*** Information supplied

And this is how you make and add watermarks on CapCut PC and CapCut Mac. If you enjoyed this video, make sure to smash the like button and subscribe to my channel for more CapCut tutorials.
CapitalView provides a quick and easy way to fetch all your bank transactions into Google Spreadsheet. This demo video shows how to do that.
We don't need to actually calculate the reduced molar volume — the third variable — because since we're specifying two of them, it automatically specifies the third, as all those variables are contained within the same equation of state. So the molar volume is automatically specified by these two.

******
*** Information supplied

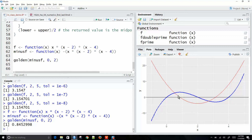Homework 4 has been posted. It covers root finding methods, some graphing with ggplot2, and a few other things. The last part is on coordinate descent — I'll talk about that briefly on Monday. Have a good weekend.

******
*** Information supplied

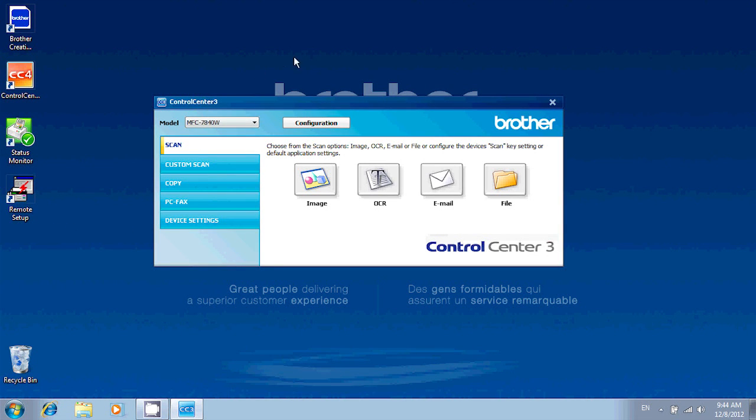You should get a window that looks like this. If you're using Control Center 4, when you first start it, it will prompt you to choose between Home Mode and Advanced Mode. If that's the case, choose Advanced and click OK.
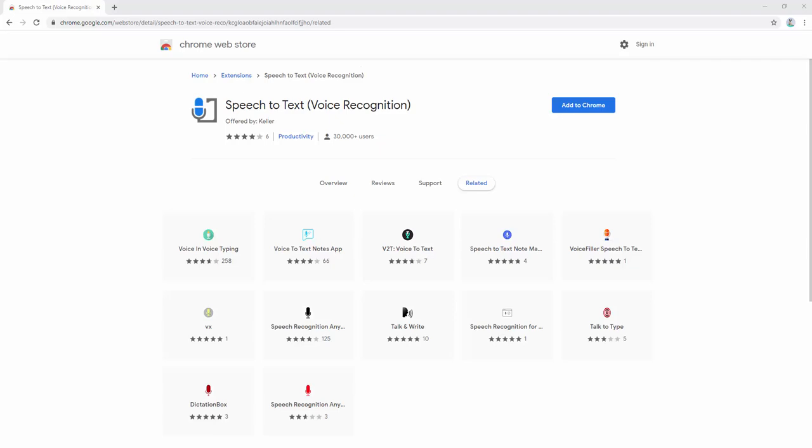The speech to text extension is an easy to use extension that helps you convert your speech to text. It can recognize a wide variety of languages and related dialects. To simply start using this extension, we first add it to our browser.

******

■ **Exercise prompt**: Print exactly the lines above that run from the one with "You should get" down to the one with "The speech to", and omit the pictures.

■ **Solution for this task**:
You should get a window that looks like this. If you're using Control Center 4, when you first start it, it will prompt you to choose between Home Mode and Advanced Mode. If that's the case, choose Advanced and click OK.
The speech to text extension is an easy to use extension that helps you convert your speech to text. It can recognize a wide variety of languages and related dialects. To simply start using this extension, we first add it to our browser.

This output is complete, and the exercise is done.